Print each record exactly as it appears, but drop the images.
** DATA LISTING follows **
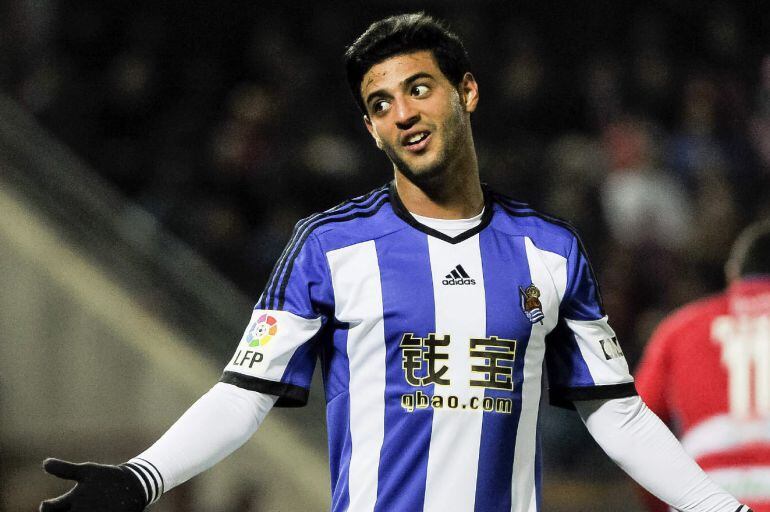 GRA284. GRANADA, 11/01/2015.- El delantero mexicano de la Real Sociedad, Carlos Vela, en un momento del partido de su equipo ante el Granada, de la decimoctava jornada de liga en Primera División que se disputa esta tarde en el estadio Nuevo Los Cármenes 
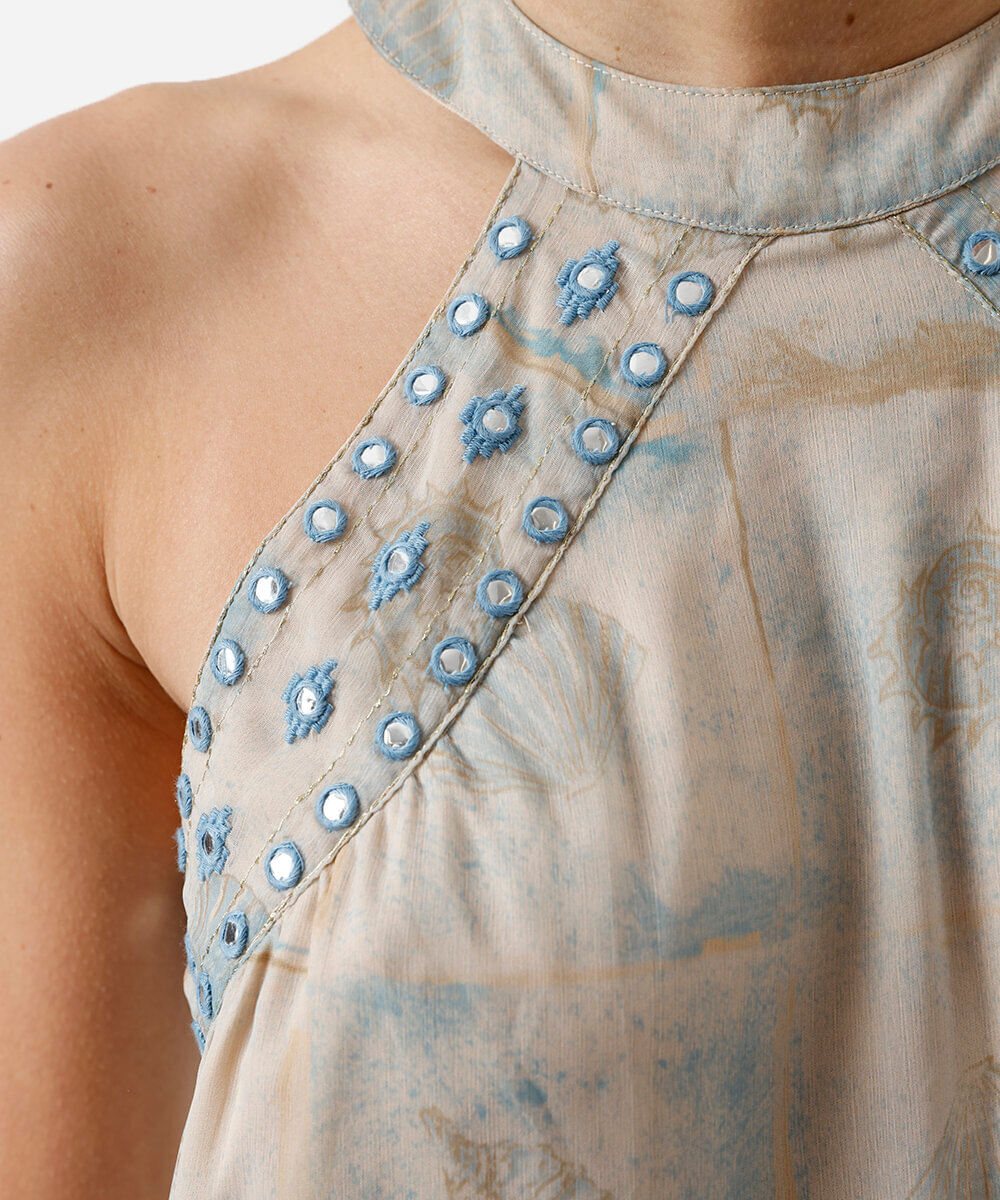 vestido longo feminino com bordado estampado bege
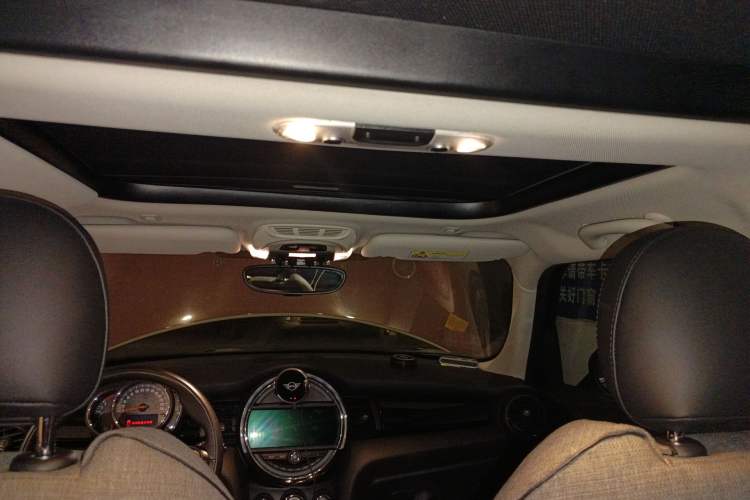 Used MINI 2019 1.5T COOPER Classic Edition Five-Door Version Headliner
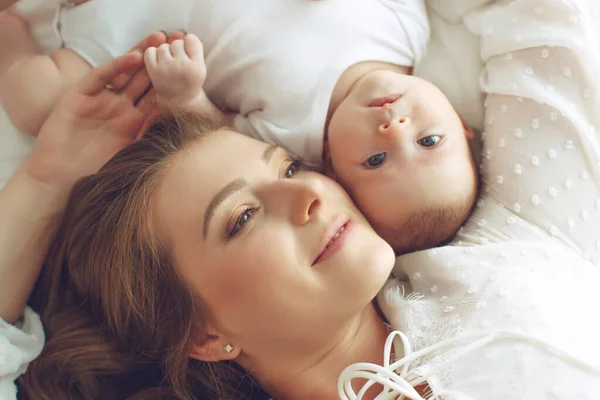 Un niño pequeño con una mujer. Bebé con mamá. —  Fotos de Stock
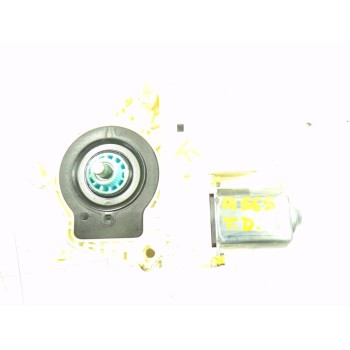 MOTOR ELEVALUNAS TRASERO DERECHO 8K0959812A 8K0959812A 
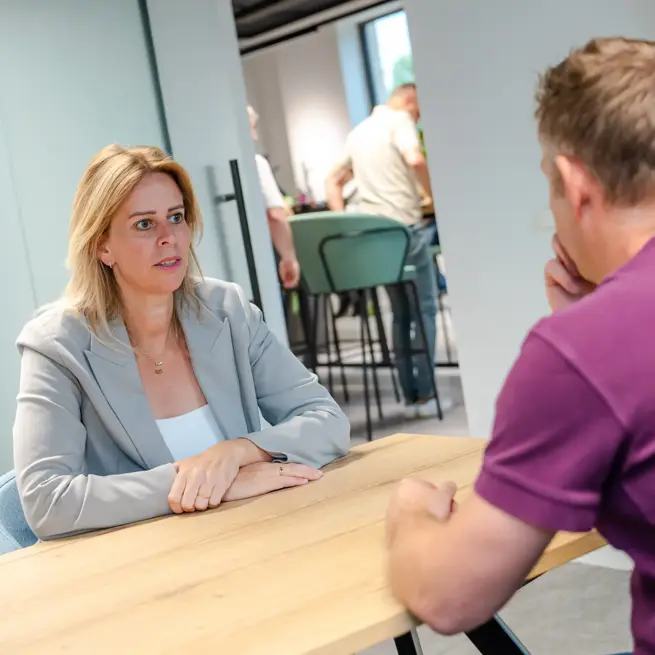 Partners in consultation on customer contact software for customer satisfaction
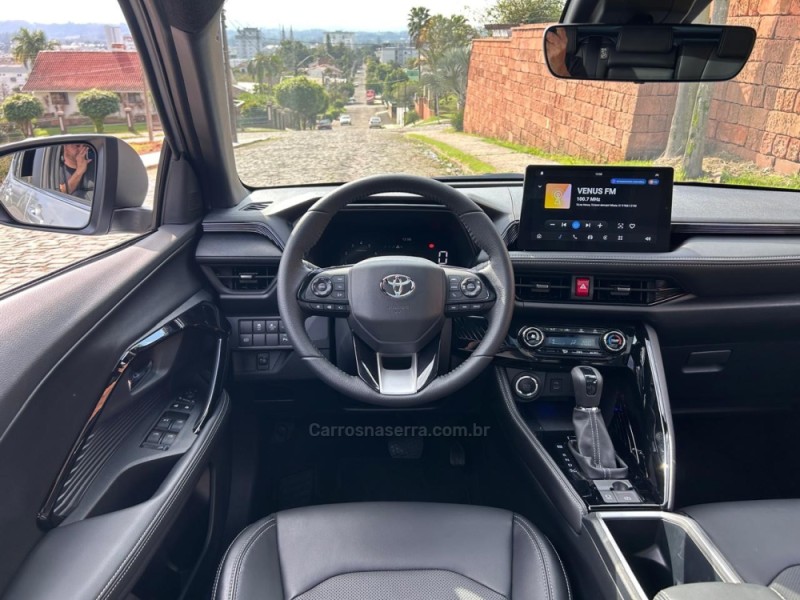 YARIS CROSS 1.5 XRX 16V FLEX 4P AUTOMÁTICO - 2026 - VENâNCIO AIRES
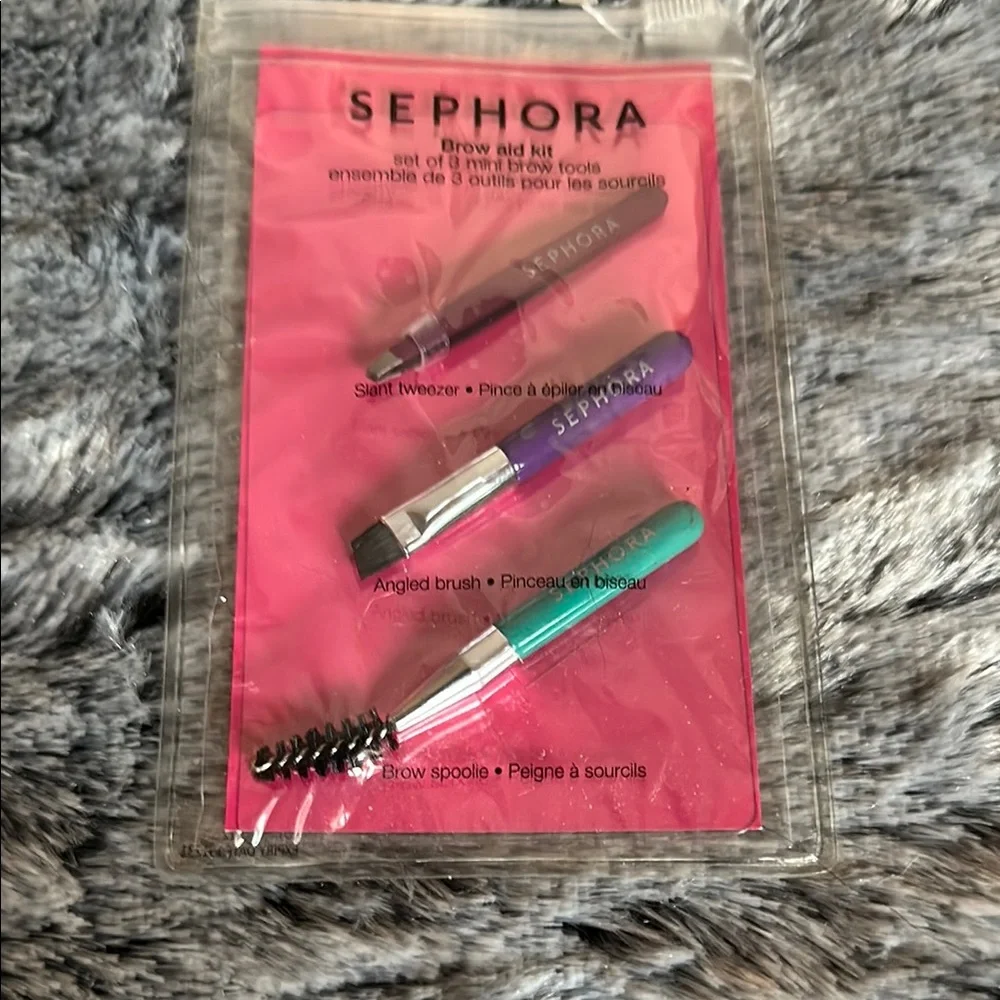 Sephora Mini Brow Aid Kit with Brush, Tweezers, and Spoolie NWT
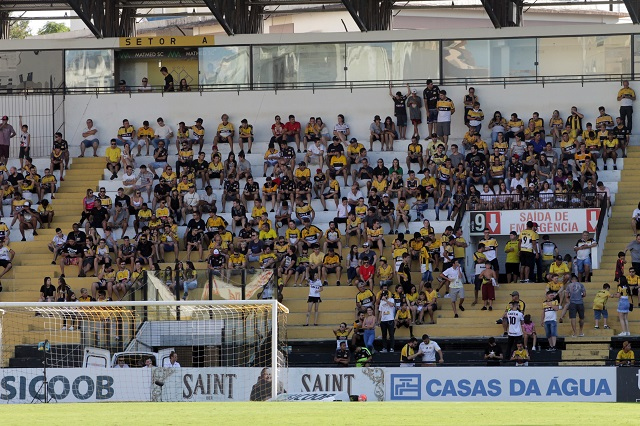 Torcida Os Tigres não foi ao jogo ontem / Foto: Daniel Búrigo / A Tribuna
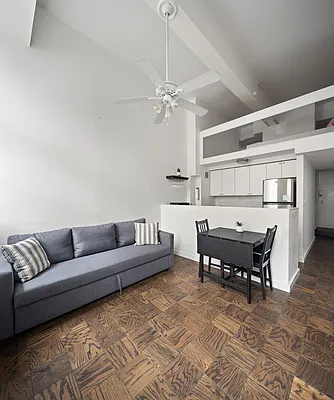 Rented by Keller Williams NYC | media 23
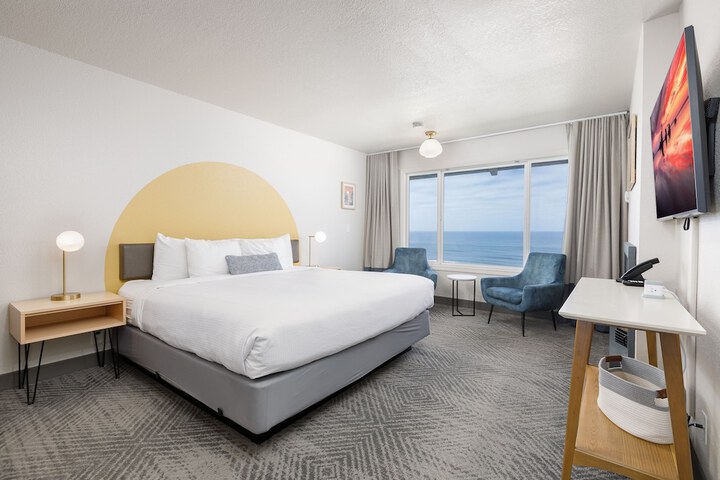 Room 22 of 65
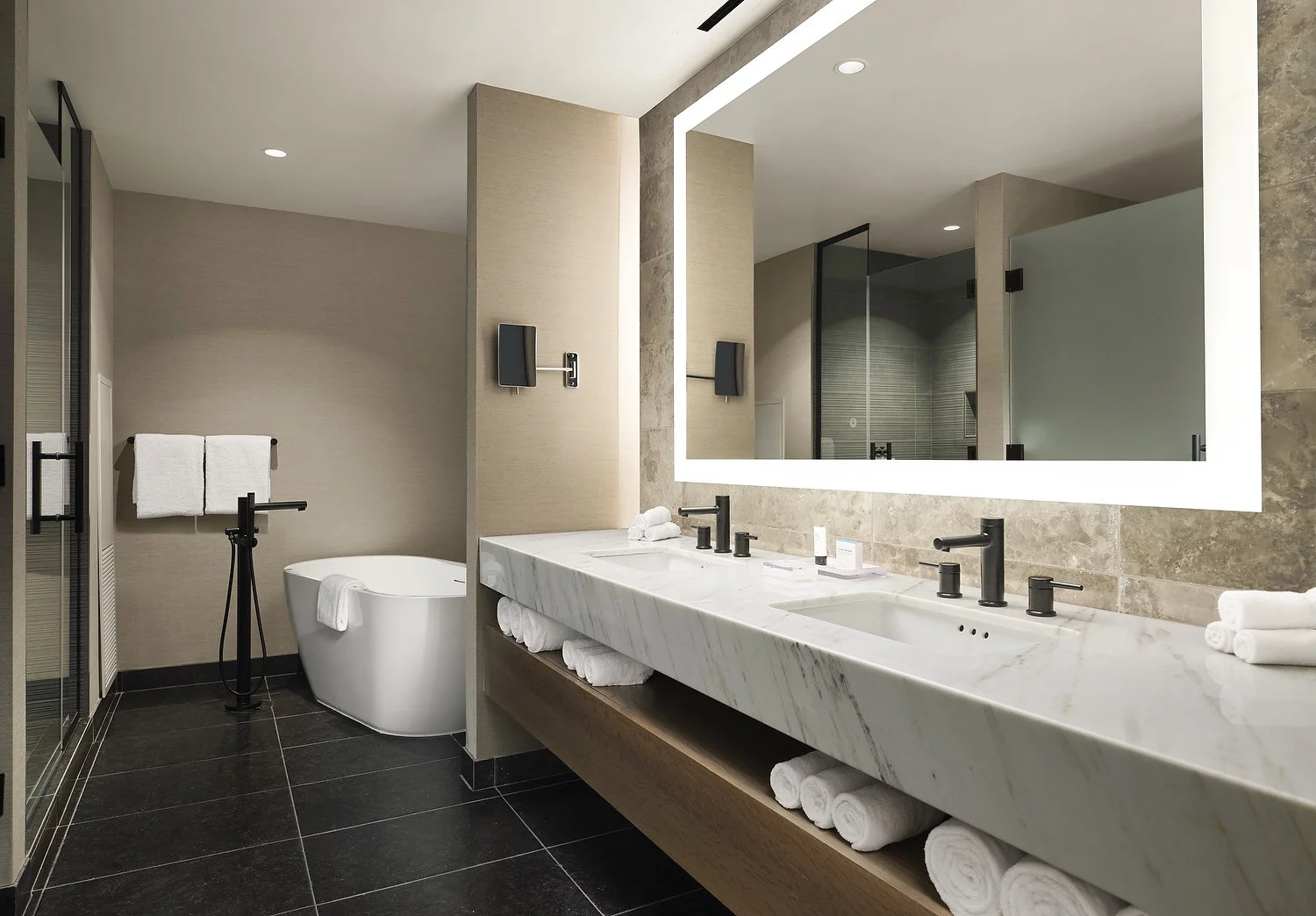 GL_SANGE_rm22013_penthouse_bathroom.JPG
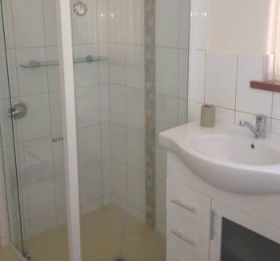 Longbeach Apartments Coffin Bay - Mackay Tourism 2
** End of DATA LISTING **
• WORKED SOLUTION:
 GRA284. GRANADA, 11/01/2015.- El delantero mexicano de la Real Sociedad, Carlos Vela, en un momento del partido de su equipo ante el Granada, de la decimoctava jornada de liga en Primera División que se disputa esta tarde en el estadio Nuevo Los Cármenes 
 vestido longo feminino com bordado estampado bege
 Used MINI 2019 1.5T COOPER Classic Edition Five-Door Version Headliner
 Un niño pequeño con una mujer. Bebé con mamá. —  Fotos de Stock
 MOTOR ELEVALUNAS TRASERO DERECHO 8K0959812A 8K0959812A 
 Partners in consultation on customer contact software for customer satisfaction
 YARIS CROSS 1.5 XRX 16V FLEX 4P AUTOMÁTICO - 2026 - VENâNCIO AIRES
 Sephora Mini Brow Aid Kit with Brush, Tweezers, and Spoolie NWT
 Torcida Os Tigres não foi ao jogo ontem / Foto: Daniel Búrigo / A Tribuna
 Rented by Keller Williams NYC | media 23
 Room 22 of 65
 GL_SANGE_rm22013_penthouse_bathroom.JPG
 Longbeach Apartments Coffin Bay - Mackay Tourism 2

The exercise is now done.